August 19, 2025 By Chris Corrigan Being, Featured No Comments

Rob, from a recent Facebook of his which he captioned “The new me.”

My friend Rob Paterson is dying. I found out on Facebook today as he shared a remarkable thing that his daughter is doing.

Rob was one of those bloggers that you’d meet sometimes in the early 2000s who posted tons of interesting stuff, and thoughtful, place based and personal posts. At his blog you’d learn about PEI, and finance and management, British history (which was essentially his own personal history), and food and health and all the things that his brain and heart were driven to explore. And he was one of those bloggers from those early that, when I met him in person for the first time in about 2006 or something, I connected with instantly. It was like that with Johnnie Moore and Euan Semple and Lila Efimova and Harold Jarche and so many others. In 2009 we visited Rob and his family in PEI and we even made a little video about living systems together.

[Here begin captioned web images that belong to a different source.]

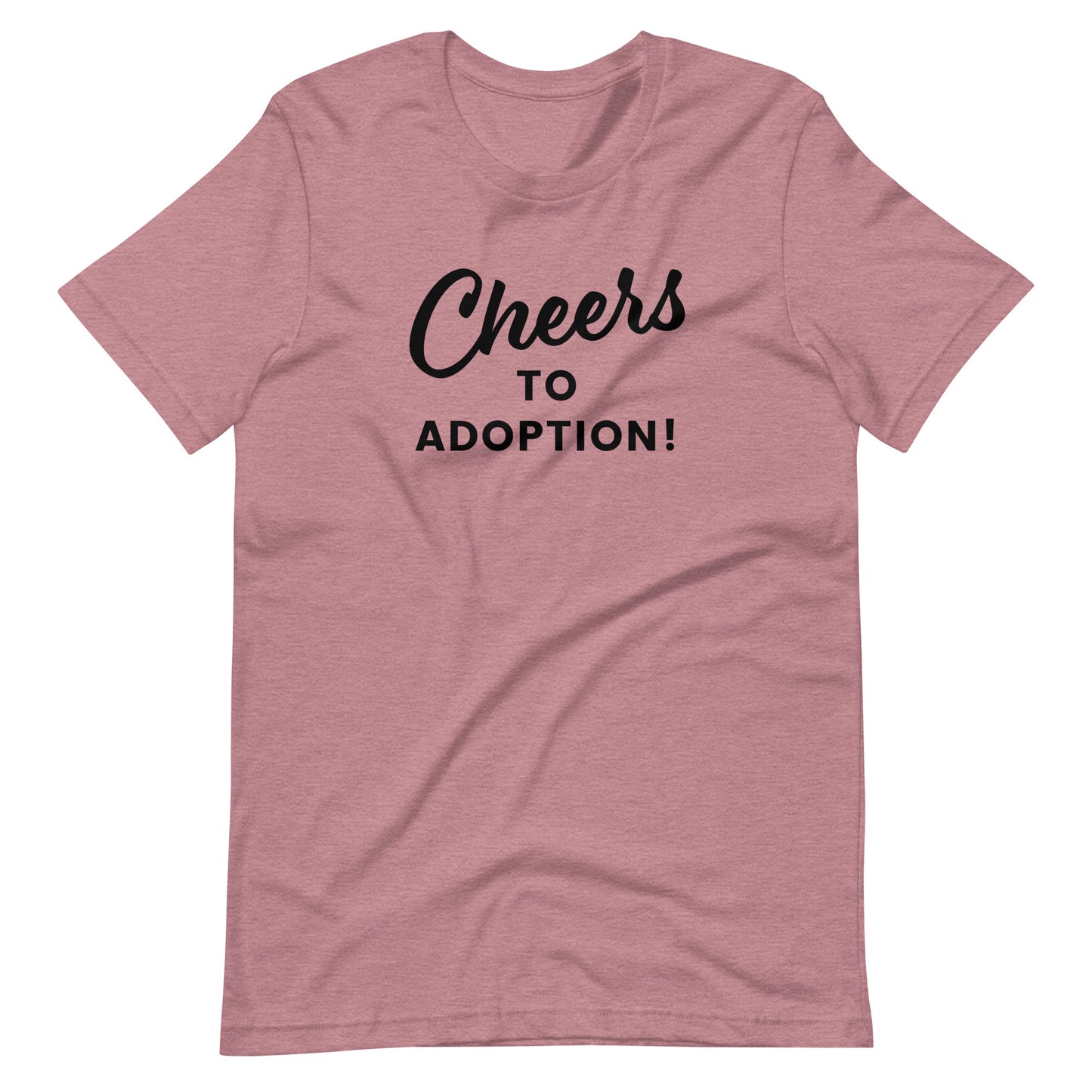 Cheers to Adoption - Celebration shirt for baby shower or adoption day - Adoption Stuff Store, adult T-shirt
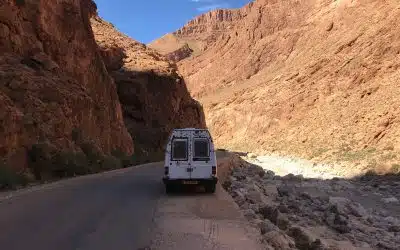 Traveling through Morocco in a Van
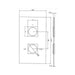 Eastbrook Plate With Square Rings For Twin Concealed Shower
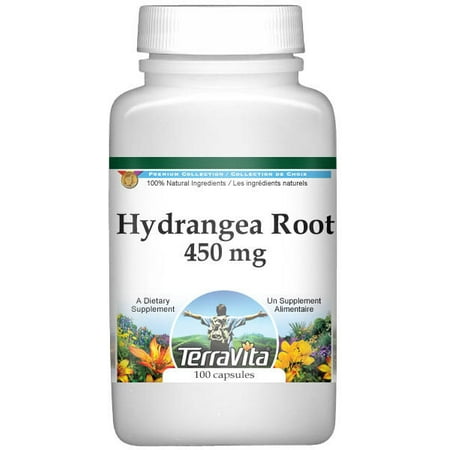 TerraVita Hydrangea Root - 450 mg, (100 Capsules, 1-Pack, Zin: 511843)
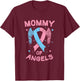 Mommy Of Angels Pregnancy Miscarriage Child Loss Awareness T-Shirt - T-Shirt | Maroon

Rob was always really interested in my work and in 2005 he and Johnnie Moore and I had a conversation about some new idea we called “unconferencing.” We talked about Open Space Technology and ways that people really do want to meet if only people who think they know better would get out of the way. That is such an interesting conversation because Rob described what might be one solid thread of the origin story of podcasting which happened at a conference hosted by Peter Rukavina in 2003 at which Dave Winer and John Muir met and discussed how to use RSS to broadcast radio shows.

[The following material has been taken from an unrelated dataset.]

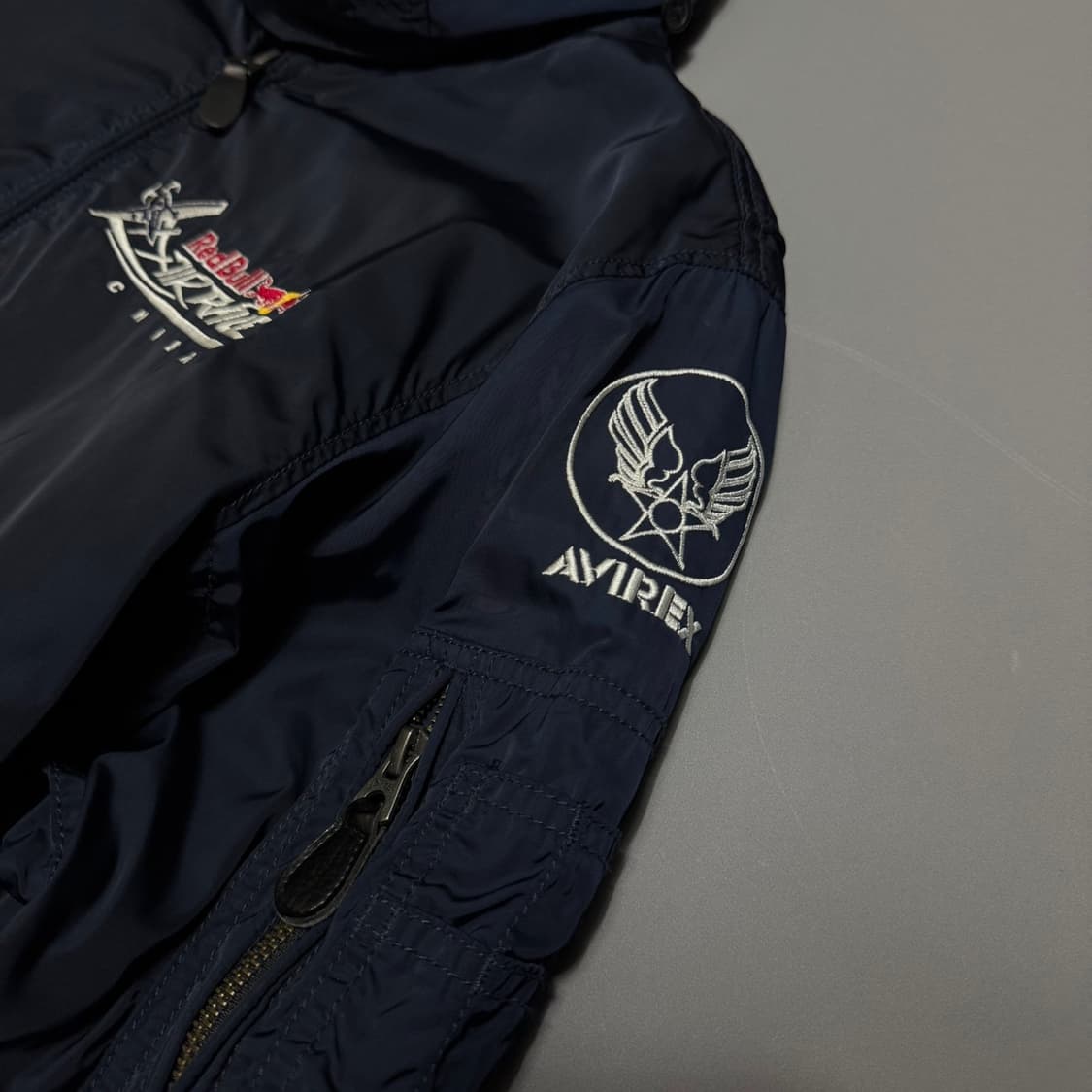 아비렉스 네이비 2017 레드불 치바 레이스쇼 2way 플라이트 자켓 상품이미지6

That was how it was blogging back in the day. I feel like those of us still doing this or returning to this are keepers of some arcane traditional knowledge. We know what it’s for, what it does, how it changes people. We know how it brings people into our lives in surprisingly deep ways. It is not social media. It is slower than that. More relational. More real.

Rob has left an incredible legacy of writing and musing and conversation and his daughter Hope has embarked on a project to upload all of this to an AI. It’s an intriguing proposition, and perfectly suited to Rob’s penchant for using technology to feed wisdom and connection.

So much love and fondness goes out to Rob and family. My hope for you, my friend, is that your transition is soft and beautiful and that you are carried away on the stories we all hold of you.

Thank you for being in my life, and thank you for inviting me into yours.

Update: Rob died on August 24.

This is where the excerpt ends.